• [EXTRACTED MATERIAL]
· · · ·

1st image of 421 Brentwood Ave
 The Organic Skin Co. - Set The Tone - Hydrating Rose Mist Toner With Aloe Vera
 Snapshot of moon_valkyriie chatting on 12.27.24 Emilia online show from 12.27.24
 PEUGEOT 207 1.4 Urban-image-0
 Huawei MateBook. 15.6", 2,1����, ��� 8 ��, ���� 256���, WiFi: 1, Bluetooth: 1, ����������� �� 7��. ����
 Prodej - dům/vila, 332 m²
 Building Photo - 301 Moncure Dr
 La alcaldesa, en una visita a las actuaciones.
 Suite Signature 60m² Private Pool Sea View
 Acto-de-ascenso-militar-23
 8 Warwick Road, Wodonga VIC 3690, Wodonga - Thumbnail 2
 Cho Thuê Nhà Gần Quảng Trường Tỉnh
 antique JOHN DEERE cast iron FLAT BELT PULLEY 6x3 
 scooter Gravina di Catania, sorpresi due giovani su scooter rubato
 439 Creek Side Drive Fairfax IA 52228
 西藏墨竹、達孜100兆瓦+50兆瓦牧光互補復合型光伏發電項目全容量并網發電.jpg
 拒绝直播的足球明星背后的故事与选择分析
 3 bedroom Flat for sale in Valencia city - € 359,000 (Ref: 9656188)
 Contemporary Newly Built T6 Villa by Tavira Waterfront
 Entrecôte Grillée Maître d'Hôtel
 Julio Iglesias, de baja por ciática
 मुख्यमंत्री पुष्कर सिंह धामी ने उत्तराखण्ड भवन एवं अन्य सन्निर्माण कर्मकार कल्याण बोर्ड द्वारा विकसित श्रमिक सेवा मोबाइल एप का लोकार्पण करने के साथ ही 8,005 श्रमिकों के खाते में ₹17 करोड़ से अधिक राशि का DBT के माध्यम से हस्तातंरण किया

· · · ·

• [INSTRUCTIONS TO FOLLOW]
The records above must be retyped in full, exactly.

• [OUTPUT OF THE TASK]
1st image of 421 Brentwood Ave
 The Organic Skin Co. - Set The Tone - Hydrating Rose Mist Toner With Aloe Vera
 Snapshot of moon_valkyriie chatting on 12.27.24 Emilia online show from 12.27.24
 PEUGEOT 207 1.4 Urban-image-0
 Huawei MateBook. 15.6", 2,1����, ��� 8 ��, ���� 256���, WiFi: 1, Bluetooth: 1, ����������� �� 7��. ����
 Prodej - dům/vila, 332 m²
 Building Photo - 301 Moncure Dr
 La alcaldesa, en una visita a las actuaciones.
 Suite Signature 60m² Private Pool Sea View
 Acto-de-ascenso-militar-23
 8 Warwick Road, Wodonga VIC 3690, Wodonga - Thumbnail 2
 Cho Thuê Nhà Gần Quảng Trường Tỉnh
 antique JOHN DEERE cast iron FLAT BELT PULLEY 6x3 
 scooter Gravina di Catania, sorpresi due giovani su scooter rubato
 439 Creek Side Drive Fairfax IA 52228
 西藏墨竹、達孜100兆瓦+50兆瓦牧光互補復合型光伏發電項目全容量并網發電.jpg
 拒绝直播的足球明星背后的故事与选择分析
 3 bedroom Flat for sale in Valencia city - € 359,000 (Ref: 9656188)
 Contemporary Newly Built T6 Villa by Tavira Waterfront
 Entrecôte Grillée Maître d'Hôtel
 Julio Iglesias, de baja por ciática
 मुख्यमंत्री पुष्कर सिंह धामी ने उत्तराखण्ड भवन एवं अन्य सन्निर्माण कर्मकार कल्याण बोर्ड द्वारा विकसित श्रमिक सेवा मोबाइल एप का लोकार्पण करने के साथ ही 8,005 श्रमिकों के खाते में ₹17 करोड़ से अधिक राशि का DBT के माध्यम से हस्तातंरण किया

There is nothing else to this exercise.